- Film poster for A Shot at Glory
- Directed by: Michael Corrente
- Written by: Denis O'Neill
- Produced by: Robert Duvall
- Starring: Robert Duvall Ally McCoist Brian Cox Kirsty Mitchell Cole Hauser Michael Keaton Martin Owens Scott G. Anderson Morag Hood Libby Langdon Catherine Figgins
- Music by: Mark Knopfler
- Distributed by: United International Pictures (United Kingdom) MAC Releasing (United States)
- Release date: 3 May 2002;
- Running time: 114 min
- Countries: United States United Kingdom
- Language: English

= A Shot at Glory =

2002 film by Michael Corrente

A Shot at Glory is a film by Michael Corrente produced in 1999 and released in 2002, starring Robert Duvall and the Scottish football player Ally McCoist. It had limited commercial and critical success. The film features the fictional Scottish football club Kilnockie FC, based on a Second Division Scottish Football League club, as they attempt to reach their first ever Scottish Cup Final. The final game is against Rangers.

==Plot==
Robert Duvall plays the club manager, Gordon McLeod. Jackie McQuillan (Ally McCoist) is the team's striker, an ageing player on the verge of retirement, who has recently been signed from Arsenal. McQuillan is a legendary ex-Celtic player who, as well as being married to McLeod's daughter, has a reputation for being troublesome. The two men put their personal problems aside as they try to prevent the small fishing town of Kilnockie from losing its club, which is owned by an American businessman (played by Michael Keaton) who wants to move the club to Dublin in Ireland.

==Cast==
- Robert Duvall as Gordon McLeod
- Ally McCoist as Jackie McQuillan
- Michael Keaton as Peter Cameron
- Brian Cox as Martin Smith, Rangers manager
- Kirsty Mitchell as Kate McQuillan
- Bill Murdoch as Desmond
- Ian Constable as Physio to team
- Daniel Healy as Street Kid 2
- Ian McKellar as himself (Hampden crowd)

Kilnockie Team
- Cole Hauser as Kelsey O'Brian
- Owen Coyle as himself
- Andy Smith as himself
- Steven Hamilton as himself
- Peter Hetherston as himself
- Craig McEwan as himself
- Kenny Black as himself
- Ian Constable as Physio

Queen of the South Team
- Ian McCall as Derek McCall

Rangers Team
- Darren Fitzgerald as himself
- Ally Maxwell as himself
- Derek Ferguson as himself
- Didier Agathe as himself
- Eddie May as himself

== Production ==
The film's working title was The Cup.

Filming took place at several locations across Scotland, including Boghead Park (the former ground of Dumbarton), Dumfries club Queen of the South's Palmerston Park ground, Kilmarnock's Rugby Park ground and Hampden Park. The majority of scenes representing the town of Kilnockie were filmed in Crail, Fife. Several extras in the film were then players of Raith Rovers, including future Celtic player Didier Agathe. Duvall regularly went to see Raith Rovers to learn from John McVeigh, the manager, on whom his character was based. The movie is loosely based on the cup exploits of Airdrieonians, who as a small town team reached two Scottish Cup Finals, several League Cup semi-finals, and qualified for the European Cup Winners Cup in the 1990s. John McVeigh was Assistant Manager at Airdrie when they enjoyed this success. The cast featured several past and current Airdrie players in both speaking and non speaking roles. The events of the film were also mirrored later in 2006 when Third Division Gretna reached the Scottish Cup final, losing on penalties to SPL runners-up Hearts. Robert Duvall was impressed with Ally McCoist's acting.

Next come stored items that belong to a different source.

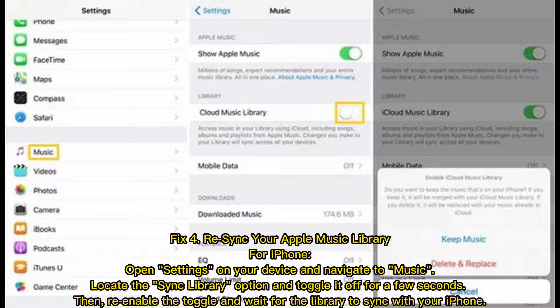Fix 4: Re-sync your Apple Music Library. For iPhone, open Settings and navigate to Music. Locate the Sync Library option and toggle it off for a few seconds, then re-enable the toggle and wait for the library to sync with your iPhone.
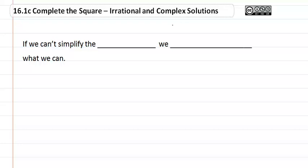16.1 C, Complete the Square, Irrational and Complex Solutions. If we can't simplify the radical, we simplify what we can.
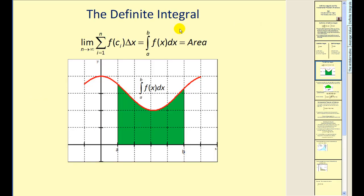Returning to the idea of a definite integral: if we look at a shaded region and want to find the area, we can define it as a definite integral where A and B represent the interval of integration. This is only true when the function is non-negative and continuous over the interval from A to B.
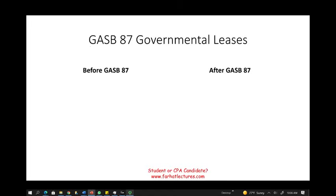Hello and welcome to this session in which we will discuss GASB 87, or governmental leases. This topic is covered on the CPA exam as well as governmental accounting courses. Leases is an important topic on the CPA exam and there was a recent change, so they will usually ask you about recent changes. I'm going to show you the old rules quickly, then the new rules after GASB 87, to give you an idea of what to expect on the CPA exam.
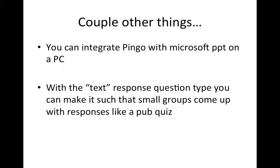Two other things: you can integrate Pingo with Microsoft PowerPoint on a PC. I don't do this myself because I use a Mac, so how I generally integrate Pingo is I bring my laptop in when I give lectures, and then I have my laptop on one screen, so that's the PowerPoint, and then I have the Pingo screen on the classroom PC.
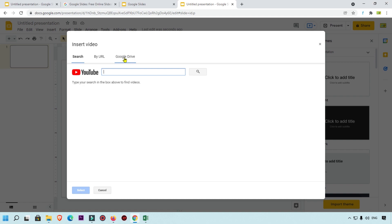If your video is already uploaded on Google Drive, simply click the Google Drive option to insert it into your Google Slides. You can also use the 'By URL' option — copy any video URL and paste it there, and that video will automatically embed into your Google Slide.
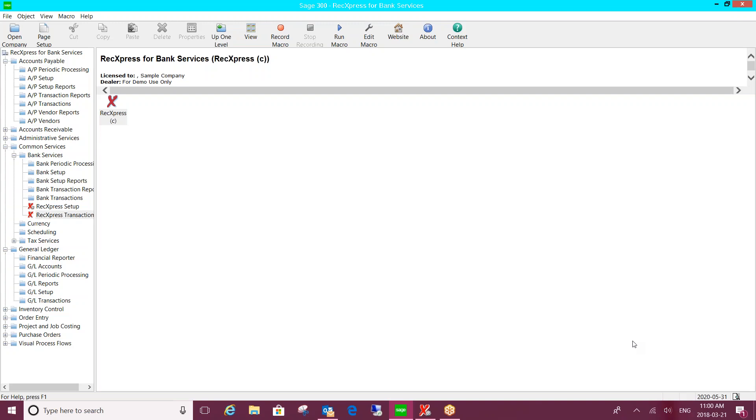If you have any questions, you can enter them on the right side of your screen in the question box, and we can answer these as we go. With that in mind, I'd like to introduce Nancy, who will begin the presentation.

Former Celtic player Jimmy Johnstone and Rangers' Jim Baxter were among the star names who turned down roles in the film.

In the United States, the film was the first to be distributed by MAC Releasing, a film company founded by Mike Marcus, Andy Gruenberg, and Craig Baumgarten.

==Reception==
The film received mixed reviews.

The movie was the subject of a feature length podcast review by Quickly Kevin, Will He Score?